咬筋が緊張していると、お口の周りの筋肉が緊張していることが多いです。
このような場合はあごの位置が不安定であごの関節に問題があることが多いです。
あごの輪郭がエラが張っている、口角の幅が短く口周りが緊張している、口唇の薄さなどは、当院のスプリント治療と矯正治療によって大きく改善します。
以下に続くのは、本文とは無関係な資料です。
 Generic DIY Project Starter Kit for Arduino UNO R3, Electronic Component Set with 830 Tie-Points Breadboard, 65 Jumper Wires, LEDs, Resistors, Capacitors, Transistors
習慣的な噛みぐせがある人の例です。左の方が噛みやすいからといって左側に噛むことが多いと、お口を開け閉めするときに左側にあごがずれて運動するようになります。また、顎関節症になることもあります。噛んでいない側は頬がたるんでいます。このような場合は、右のほおづえ、うつぶせ寝(相当な力がかかります)をやめたり、右側で積極的に噛む様に心がけることが推奨されます。顔がゆがむということは、加齢と共に骨格も変化してきます。咀嚼していない側の下顎頭は細く華奢になり、噛む側の下顎頭は太くなり、下顎角の角度も左右差が生じてきます(右図)。また、あごの関節における外傷によってもあごの変形が起きます。さらに、6歳臼歯などの歯の生え方のタイミングや合わさり具合の不整によってもアゴの変形が起きる場合があり、注意が必要です。
舌と呼吸の問題がある場合には、ひどい場合にはアデノイド切除や舌小帯切除をおこなったり、そこまででなければ舌のトレーニング(MFT)や耳鼻咽喉科の受診で口腔機能発育におけるマイナス要因を改善することが勧められます。